# will this setup work



## tony8404 (Jan 19, 2015)

I have a 4x3x7 tent.

I need to know if the following below is correct for my tent?


I already have 600wat light magnetic ballast. buying an agrosun red sodium 600w hps. using hortilux 600w mh.

Blockbuster 6" air cool hood

Vortex S-line 6" inline fan 327 cfm

Phat Filter 6x12 275cfm


Would the blockbuster, vortex 327cfm and phat 275cfm work for me tent ?


----------



## zem (Jan 19, 2015)

that filter is rated for lower cfm, so i guess that it will restrict the airflow significantly and not clear smell effectively. otherwise, setup sounds good to me....


----------



## tony8404 (Jan 19, 2015)

oh I forgot to state I am also adding a speed control to the fan so I can dial it down.
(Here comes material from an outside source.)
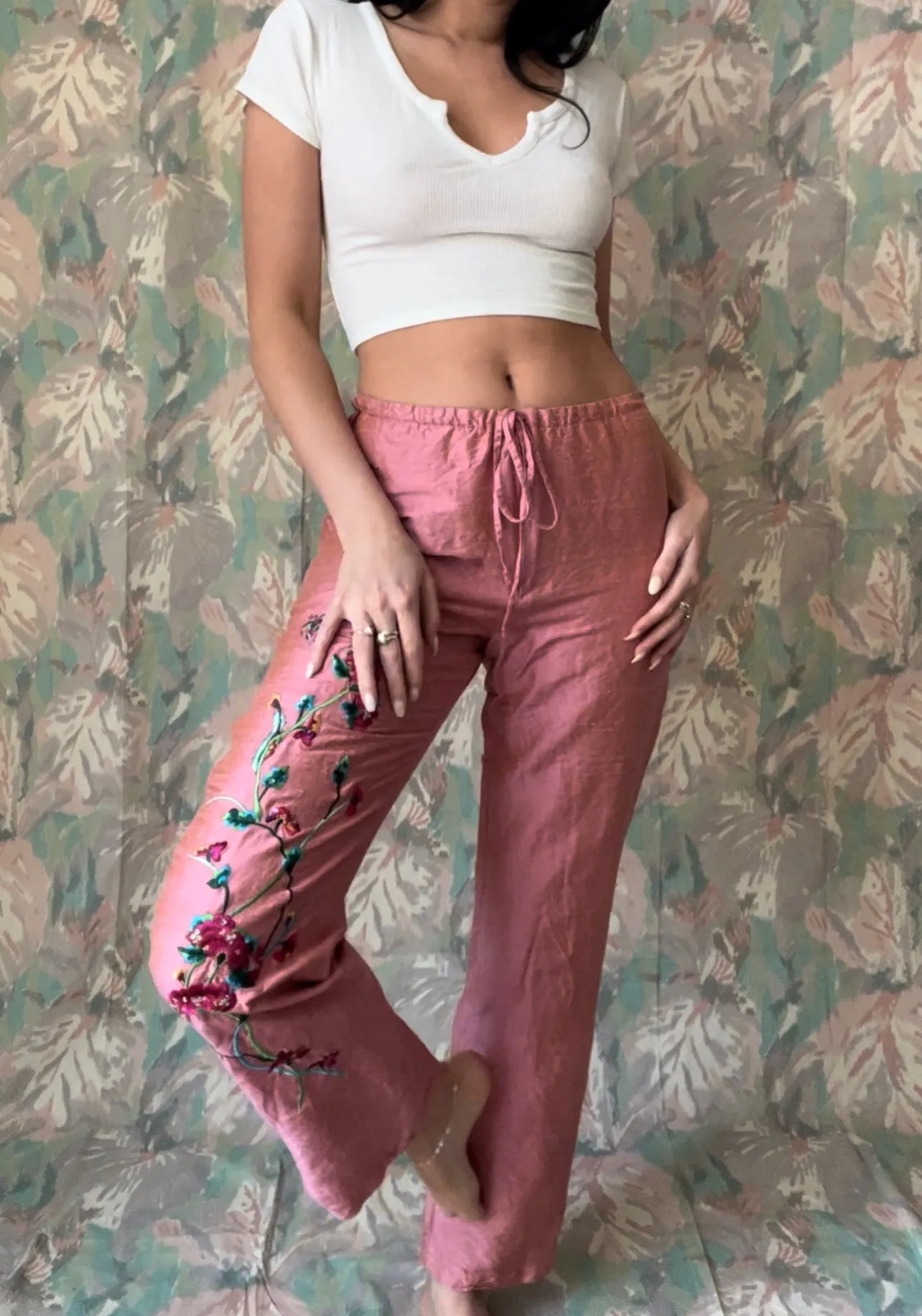 Embroidered Pink Pants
Otherwise you mean that since the fan is 327cfm I need a filter that is 327 or higher?

I do not understand.


----------



## tony8404 (Jan 19, 2015)

Can someone help me with ventilation setup?


----------



## Dman1234 (Jan 19, 2015)

I think you will be fine with what you have listed there, were you looking at T5's?


----------



## tony8404 (Jan 19, 2015)

I was but I think I am going to stick with the Mh bulb.


----------



## tony8404 (Jan 19, 2015)

can someone please help me with ventilation setup?

I am confused now.

My room is only 4x3x7..

is a 6" 327cfm over kill? is the phat filter 275cfm overkill?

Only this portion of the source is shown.